DATA FOR THIS EXERCISE —
..............................

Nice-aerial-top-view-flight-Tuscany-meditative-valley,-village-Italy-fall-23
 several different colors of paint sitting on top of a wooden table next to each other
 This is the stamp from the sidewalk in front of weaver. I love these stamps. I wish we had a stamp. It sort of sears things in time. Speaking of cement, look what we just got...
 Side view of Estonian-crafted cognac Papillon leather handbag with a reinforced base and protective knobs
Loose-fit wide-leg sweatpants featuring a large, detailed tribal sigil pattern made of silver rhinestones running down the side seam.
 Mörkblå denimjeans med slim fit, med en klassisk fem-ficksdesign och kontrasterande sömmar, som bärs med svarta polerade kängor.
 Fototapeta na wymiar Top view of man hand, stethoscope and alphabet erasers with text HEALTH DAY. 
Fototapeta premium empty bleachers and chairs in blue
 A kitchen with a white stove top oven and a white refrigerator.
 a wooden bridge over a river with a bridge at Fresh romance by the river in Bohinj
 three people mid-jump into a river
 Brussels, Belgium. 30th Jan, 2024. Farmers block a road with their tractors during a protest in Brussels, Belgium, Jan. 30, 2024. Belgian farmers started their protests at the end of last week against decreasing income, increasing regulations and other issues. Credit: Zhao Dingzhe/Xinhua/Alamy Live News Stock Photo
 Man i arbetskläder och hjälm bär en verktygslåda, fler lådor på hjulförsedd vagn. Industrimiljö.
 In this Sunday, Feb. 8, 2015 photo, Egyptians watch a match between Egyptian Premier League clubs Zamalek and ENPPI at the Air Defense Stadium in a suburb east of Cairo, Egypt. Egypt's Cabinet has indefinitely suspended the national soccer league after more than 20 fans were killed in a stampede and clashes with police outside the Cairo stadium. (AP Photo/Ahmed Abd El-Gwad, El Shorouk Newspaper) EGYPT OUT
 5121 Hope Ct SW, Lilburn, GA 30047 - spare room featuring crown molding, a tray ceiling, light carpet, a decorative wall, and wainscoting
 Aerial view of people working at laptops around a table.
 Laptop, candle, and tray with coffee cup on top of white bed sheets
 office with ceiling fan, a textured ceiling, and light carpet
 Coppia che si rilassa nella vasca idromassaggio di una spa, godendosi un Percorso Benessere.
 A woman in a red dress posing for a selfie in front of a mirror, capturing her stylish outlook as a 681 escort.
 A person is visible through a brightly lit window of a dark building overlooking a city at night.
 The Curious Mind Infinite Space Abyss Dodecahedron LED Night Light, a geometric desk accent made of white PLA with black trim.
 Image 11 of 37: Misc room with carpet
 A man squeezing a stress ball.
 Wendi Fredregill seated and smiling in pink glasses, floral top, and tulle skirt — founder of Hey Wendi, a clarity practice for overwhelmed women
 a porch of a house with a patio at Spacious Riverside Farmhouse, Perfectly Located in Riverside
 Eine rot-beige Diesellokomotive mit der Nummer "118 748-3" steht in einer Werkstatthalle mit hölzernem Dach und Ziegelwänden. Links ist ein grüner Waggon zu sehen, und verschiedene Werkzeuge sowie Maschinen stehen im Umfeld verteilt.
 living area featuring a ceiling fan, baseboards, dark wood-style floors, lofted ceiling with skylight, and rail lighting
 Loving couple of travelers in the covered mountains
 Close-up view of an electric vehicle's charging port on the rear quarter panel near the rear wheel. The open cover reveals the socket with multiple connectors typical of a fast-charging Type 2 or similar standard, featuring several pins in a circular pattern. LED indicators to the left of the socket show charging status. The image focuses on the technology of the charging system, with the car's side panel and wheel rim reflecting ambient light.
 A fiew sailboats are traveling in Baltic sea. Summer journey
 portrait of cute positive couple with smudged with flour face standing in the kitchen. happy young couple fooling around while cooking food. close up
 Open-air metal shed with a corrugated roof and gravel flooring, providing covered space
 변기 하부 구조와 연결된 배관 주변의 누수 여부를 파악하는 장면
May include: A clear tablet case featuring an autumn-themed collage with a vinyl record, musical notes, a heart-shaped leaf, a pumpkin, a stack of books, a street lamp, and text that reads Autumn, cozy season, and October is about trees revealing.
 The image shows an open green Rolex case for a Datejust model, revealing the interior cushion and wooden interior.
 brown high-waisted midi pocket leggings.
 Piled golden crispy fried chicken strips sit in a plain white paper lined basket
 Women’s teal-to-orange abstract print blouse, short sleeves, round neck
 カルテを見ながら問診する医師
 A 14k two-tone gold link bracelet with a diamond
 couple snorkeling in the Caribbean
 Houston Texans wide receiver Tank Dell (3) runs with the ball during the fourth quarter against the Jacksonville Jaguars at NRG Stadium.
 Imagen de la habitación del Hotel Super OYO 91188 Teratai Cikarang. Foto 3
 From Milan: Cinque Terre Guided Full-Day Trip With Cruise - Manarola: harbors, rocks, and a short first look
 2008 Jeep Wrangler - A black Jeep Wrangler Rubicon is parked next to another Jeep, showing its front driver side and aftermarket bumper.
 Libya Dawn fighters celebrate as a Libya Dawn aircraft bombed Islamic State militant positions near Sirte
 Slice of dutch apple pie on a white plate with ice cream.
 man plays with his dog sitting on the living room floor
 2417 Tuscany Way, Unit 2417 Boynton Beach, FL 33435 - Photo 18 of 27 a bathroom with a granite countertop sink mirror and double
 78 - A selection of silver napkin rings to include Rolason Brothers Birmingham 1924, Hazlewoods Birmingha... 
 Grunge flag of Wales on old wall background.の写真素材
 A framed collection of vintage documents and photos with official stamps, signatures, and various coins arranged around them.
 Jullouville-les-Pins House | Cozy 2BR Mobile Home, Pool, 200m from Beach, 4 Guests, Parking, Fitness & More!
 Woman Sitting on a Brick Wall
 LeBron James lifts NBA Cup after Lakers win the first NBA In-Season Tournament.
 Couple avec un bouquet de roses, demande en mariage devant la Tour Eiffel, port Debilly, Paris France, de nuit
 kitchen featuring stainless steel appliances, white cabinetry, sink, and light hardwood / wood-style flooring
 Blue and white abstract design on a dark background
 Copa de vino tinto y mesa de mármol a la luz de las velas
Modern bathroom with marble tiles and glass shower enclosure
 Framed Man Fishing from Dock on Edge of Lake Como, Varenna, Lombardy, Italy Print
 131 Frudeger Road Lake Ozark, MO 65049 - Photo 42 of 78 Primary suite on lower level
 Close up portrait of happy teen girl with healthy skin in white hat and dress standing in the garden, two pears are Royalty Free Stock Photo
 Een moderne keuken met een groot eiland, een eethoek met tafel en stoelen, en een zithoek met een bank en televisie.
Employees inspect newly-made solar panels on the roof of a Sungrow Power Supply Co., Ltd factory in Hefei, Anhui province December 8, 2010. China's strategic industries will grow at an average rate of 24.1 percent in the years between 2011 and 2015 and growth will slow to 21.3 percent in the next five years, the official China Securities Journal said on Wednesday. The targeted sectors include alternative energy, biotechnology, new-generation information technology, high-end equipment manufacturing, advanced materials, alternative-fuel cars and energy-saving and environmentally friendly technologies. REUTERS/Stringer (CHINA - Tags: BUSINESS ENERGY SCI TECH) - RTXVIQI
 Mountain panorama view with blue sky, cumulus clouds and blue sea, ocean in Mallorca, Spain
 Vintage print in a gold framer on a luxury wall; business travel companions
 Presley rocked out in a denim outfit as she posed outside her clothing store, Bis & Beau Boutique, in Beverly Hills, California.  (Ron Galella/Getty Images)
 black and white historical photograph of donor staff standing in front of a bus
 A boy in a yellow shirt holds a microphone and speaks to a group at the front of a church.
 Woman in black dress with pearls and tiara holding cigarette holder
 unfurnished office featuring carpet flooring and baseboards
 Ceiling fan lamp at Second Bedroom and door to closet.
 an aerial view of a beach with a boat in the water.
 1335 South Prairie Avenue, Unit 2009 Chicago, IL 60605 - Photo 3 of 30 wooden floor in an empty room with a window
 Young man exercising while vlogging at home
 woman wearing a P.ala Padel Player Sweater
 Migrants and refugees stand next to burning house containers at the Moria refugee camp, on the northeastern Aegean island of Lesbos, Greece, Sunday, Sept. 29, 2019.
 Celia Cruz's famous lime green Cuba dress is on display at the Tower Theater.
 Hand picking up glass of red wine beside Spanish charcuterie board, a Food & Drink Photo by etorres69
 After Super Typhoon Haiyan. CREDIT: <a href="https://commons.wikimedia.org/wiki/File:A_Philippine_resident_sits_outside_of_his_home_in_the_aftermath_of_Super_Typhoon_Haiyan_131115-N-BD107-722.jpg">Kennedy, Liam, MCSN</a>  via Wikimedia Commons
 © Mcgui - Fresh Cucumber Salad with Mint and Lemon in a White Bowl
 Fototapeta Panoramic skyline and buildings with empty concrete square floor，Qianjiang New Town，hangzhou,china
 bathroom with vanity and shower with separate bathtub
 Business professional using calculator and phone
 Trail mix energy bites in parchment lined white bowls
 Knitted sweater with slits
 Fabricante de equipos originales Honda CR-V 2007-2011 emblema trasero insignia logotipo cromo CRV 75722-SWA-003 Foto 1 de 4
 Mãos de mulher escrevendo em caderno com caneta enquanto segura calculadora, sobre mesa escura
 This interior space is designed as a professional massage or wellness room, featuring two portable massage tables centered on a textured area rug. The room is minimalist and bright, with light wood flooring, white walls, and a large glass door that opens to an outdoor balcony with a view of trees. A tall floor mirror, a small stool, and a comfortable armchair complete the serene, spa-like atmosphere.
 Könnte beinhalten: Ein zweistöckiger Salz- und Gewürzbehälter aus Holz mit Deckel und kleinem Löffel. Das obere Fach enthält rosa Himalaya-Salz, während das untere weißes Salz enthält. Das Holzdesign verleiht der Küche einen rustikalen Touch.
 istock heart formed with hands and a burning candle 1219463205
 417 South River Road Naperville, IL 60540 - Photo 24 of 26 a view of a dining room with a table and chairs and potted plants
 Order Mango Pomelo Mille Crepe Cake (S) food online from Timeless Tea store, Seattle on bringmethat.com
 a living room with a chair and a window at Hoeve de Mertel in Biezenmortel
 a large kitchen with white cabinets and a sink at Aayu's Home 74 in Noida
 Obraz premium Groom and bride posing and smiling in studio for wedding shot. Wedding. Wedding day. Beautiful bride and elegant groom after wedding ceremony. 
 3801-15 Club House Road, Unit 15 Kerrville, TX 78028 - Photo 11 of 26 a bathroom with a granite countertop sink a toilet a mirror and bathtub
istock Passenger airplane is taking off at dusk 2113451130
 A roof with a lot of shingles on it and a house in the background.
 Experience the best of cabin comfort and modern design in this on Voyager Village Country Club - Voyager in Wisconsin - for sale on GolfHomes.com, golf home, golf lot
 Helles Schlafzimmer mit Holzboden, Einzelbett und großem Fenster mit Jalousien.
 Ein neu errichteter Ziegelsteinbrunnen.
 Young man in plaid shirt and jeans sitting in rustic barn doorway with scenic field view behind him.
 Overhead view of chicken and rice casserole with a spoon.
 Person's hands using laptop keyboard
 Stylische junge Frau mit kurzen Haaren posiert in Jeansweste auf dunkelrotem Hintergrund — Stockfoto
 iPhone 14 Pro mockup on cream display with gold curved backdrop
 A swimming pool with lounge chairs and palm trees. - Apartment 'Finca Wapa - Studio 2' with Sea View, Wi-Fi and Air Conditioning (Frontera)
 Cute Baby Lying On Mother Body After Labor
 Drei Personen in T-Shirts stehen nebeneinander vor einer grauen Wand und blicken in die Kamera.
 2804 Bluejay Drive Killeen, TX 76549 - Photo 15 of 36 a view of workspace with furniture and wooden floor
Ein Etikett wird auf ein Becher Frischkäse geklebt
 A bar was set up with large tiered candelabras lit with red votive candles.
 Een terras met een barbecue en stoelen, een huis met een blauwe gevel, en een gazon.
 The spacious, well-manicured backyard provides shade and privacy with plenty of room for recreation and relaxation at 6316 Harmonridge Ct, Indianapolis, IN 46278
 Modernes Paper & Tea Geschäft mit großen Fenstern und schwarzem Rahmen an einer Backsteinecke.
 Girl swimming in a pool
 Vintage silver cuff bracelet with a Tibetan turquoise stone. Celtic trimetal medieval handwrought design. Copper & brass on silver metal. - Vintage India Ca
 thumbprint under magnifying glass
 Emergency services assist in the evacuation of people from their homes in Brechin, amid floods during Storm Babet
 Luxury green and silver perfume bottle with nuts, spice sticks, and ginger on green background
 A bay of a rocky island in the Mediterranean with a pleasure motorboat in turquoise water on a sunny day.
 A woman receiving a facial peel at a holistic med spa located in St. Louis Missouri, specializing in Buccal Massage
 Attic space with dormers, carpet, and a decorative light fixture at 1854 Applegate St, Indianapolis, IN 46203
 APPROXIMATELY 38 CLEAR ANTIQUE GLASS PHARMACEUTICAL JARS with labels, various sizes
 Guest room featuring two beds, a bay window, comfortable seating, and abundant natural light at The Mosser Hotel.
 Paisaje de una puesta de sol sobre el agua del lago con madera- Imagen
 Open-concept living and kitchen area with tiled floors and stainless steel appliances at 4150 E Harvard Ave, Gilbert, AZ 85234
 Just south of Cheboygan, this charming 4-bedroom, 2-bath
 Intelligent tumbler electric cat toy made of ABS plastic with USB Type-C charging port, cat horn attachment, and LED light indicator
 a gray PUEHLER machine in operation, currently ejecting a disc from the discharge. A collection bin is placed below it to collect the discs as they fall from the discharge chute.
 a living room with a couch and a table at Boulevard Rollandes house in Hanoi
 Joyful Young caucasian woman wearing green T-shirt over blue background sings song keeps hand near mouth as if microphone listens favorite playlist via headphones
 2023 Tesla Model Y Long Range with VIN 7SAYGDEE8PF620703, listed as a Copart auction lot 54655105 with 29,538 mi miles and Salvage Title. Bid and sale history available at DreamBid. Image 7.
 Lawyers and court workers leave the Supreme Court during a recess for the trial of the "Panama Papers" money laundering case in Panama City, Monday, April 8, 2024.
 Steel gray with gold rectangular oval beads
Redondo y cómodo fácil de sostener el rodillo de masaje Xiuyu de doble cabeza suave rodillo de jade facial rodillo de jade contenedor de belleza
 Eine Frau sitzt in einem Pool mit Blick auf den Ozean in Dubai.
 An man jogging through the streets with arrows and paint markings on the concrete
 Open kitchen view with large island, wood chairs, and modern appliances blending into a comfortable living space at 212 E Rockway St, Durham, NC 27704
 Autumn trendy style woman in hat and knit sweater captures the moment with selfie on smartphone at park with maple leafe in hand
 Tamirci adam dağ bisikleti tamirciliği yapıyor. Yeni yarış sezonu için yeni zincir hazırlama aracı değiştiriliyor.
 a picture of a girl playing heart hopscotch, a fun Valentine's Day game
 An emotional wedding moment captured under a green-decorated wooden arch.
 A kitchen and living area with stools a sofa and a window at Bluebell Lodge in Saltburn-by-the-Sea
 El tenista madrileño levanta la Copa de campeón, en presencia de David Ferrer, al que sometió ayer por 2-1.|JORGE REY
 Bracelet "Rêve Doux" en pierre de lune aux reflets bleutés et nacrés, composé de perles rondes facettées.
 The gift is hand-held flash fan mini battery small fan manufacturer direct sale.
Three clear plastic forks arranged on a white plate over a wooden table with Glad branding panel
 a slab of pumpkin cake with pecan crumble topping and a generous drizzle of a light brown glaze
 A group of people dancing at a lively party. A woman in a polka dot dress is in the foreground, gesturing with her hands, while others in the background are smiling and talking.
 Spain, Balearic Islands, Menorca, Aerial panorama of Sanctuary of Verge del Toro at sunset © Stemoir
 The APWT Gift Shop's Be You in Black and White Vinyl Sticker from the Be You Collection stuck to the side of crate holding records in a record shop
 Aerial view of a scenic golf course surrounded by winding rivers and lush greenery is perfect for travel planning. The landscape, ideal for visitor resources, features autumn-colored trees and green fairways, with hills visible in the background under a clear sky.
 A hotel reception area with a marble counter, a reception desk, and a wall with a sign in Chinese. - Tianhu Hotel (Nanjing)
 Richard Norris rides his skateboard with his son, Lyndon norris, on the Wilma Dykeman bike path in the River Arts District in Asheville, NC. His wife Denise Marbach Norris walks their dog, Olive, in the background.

..............................

WHAT TO PRODUCE — Please copy the lines above from the line with "Grunge flag of" up to and including the line with "LeBron James lifts", exactly as written and with nothing else.

SOLVED EXERCISE —
 Grunge flag of Wales on old wall background.の写真素材
 A framed collection of vintage documents and photos with official stamps, signatures, and various coins arranged around them.
 Jullouville-les-Pins House | Cozy 2BR Mobile Home, Pool, 200m from Beach, 4 Guests, Parking, Fitness & More!
 Woman Sitting on a Brick Wall
 LeBron James lifts NBA Cup after Lakers win the first NBA In-Season Tournament.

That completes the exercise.